Yo creo que los socialdemócratas se han equivocado en creer que los males de la desigualdad son autoevidentes, que solo alguien demasiado torpe o demasiado perverso los puede negar. Por eso no se han tomado en serio la pregunta que acabo de formular. Y cuando yo intento responderla según mi saber y entender, llego a conclusiones que no son socialdemócratas.

Para mí, el problema central de la desigualdad (hay otros que aquí no alcanzo a discutir) es que reduce la libertad real de las personas en la base de la pirámide. Para los neoliberales la esencia de la libertad es la libertad de empresa, pero para mí la libertad real es la libertad de formar proyectos de vida (no necesariamente empresas) con la menor cantidad de coacciones posibles. Y resulta que en toda sociedad moderna se necesitan enormes aparatos de coacción: las jerarquías, los mercados y los Estados. Todos son necesarios. Pero eso no quiere decir que no se puedan limitar y que tengamos que aceptar que crezcan cada vez más.

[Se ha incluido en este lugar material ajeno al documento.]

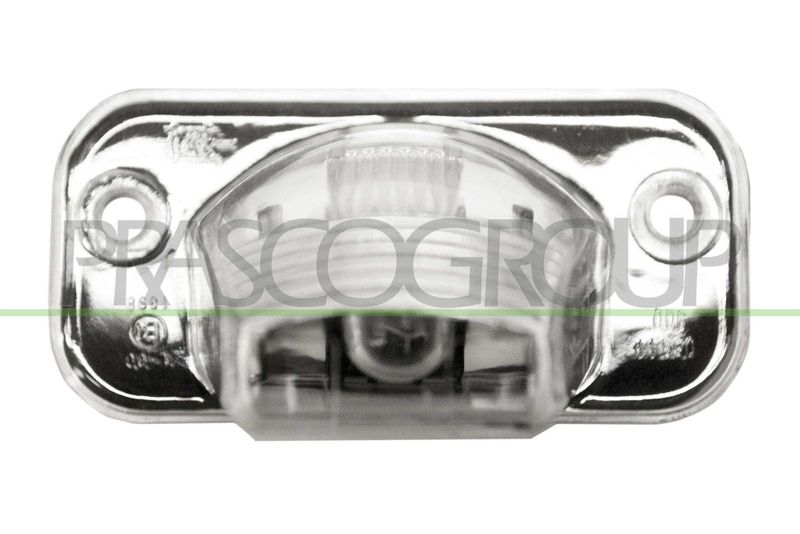 PRASCO Luce targa VG9134360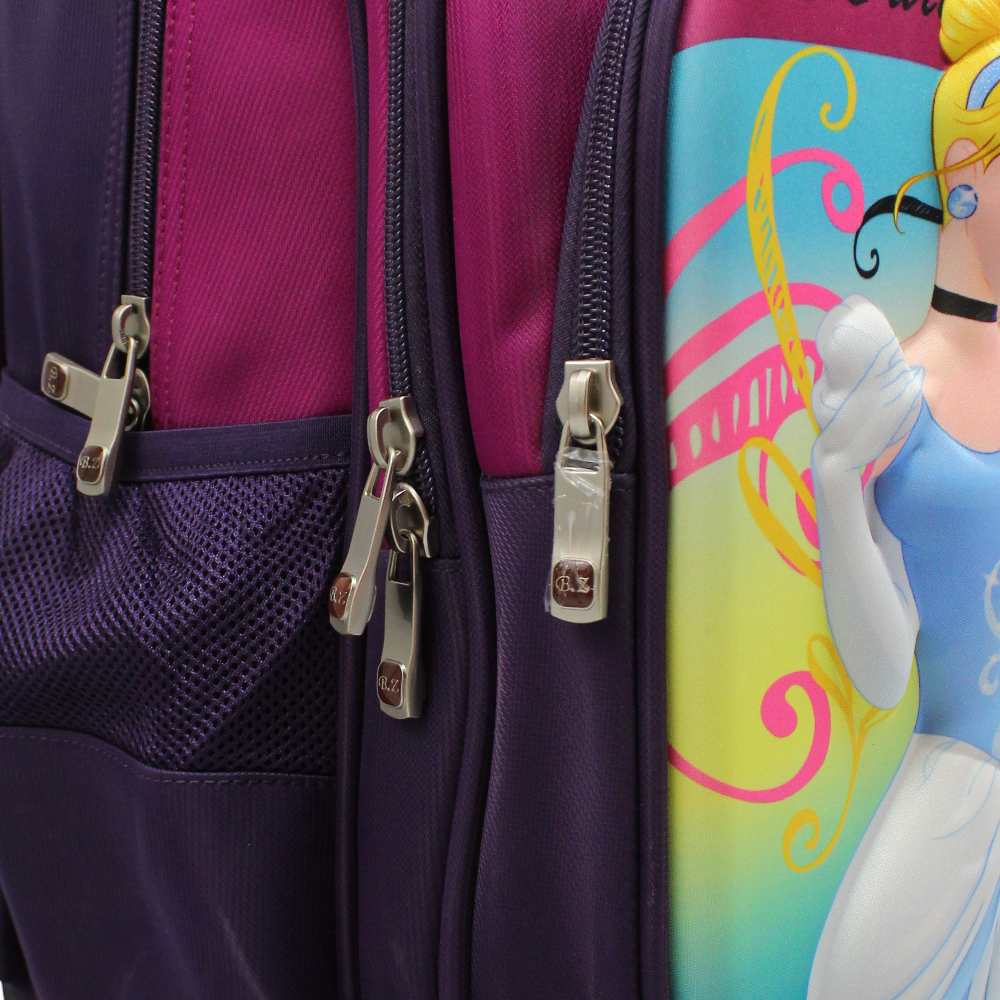Princesses Trolley Bag - 15 Inches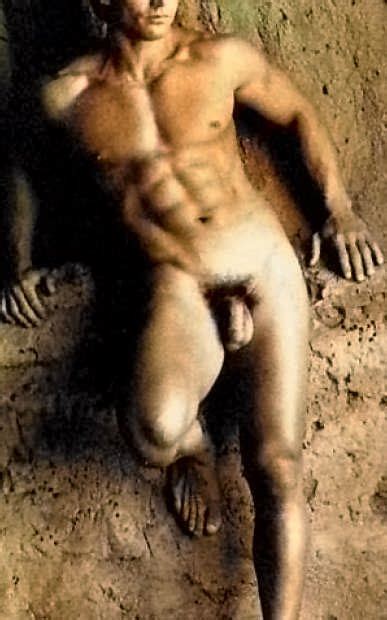 Cavill S Slut On Twitter Frank Grillo S Nude Photoshoot What A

En sociedades muy desiguales (como Colombia), solo los más ricos tenemos la posibilidad de escaparnos de vez en cuando de dichos aparatos de coacción. Contratos flexibles, vacaciones largas, ambientes laborales relativamente igualitarios y cosas de ese estilo son logros que están al alcance de quienes hemos obtenido suficiente capital humano. (Sí, a veces los ejecutivos más exitosos son mucho menos libres. Pero eso solo refuerza mi punto central: la desigualdad no es necesariamente el problema.) Pero quienes no tienen ese privilegio no pueden disfrutar de todas esas esferas de libertad.

Entonces, para quienes piensan como yo (a quienes yo prefiero denominar socialistas a secas), el problema no es cómo reducir la desigualdad sino cómo aumentar la autonomía de las personas. Claro, para eso se necesita reducir la desigualdad, pero no es suficiente. El socialdemócrata acepta el funcionamiento de los mercados y los Estados tal como son y luego procede a buscar el equilibrio entre los dos de acuerdo a ciertos principios igualitarios. En cambio el socialista (como yo lo defino) pasa a preguntarse cómo se pueden cambiar los principios de funcionamiento tanto de los mercados como de los estados.

¿Cómo se pueden cambiar? Falta mucho por pensar, pero hay ideas sueltas, unas mejores que otras, casi todas aún por probar seriamente: incentivos a la propiedad cooperativa, extensión de los principios de negociación colectiva en el trabajo (cosa que los socialdemócratas de hace dos generaciones defendían), regulación democrática de las relaciones laborales, políticas macroeconómicas de pleno empleo y, por supuesto, mi idea predilecta, renta básica universal. En esta lista de pronto ni están todas las que son (seguro que hay más que se me escapan) ni son todas las que están (habrá algunas que mejor no ensayar). Pero quienes no somos ni neoliberales ni socialdemócratas tenemos que ir pensando en mejorar la lista, alargarla y estudiarla.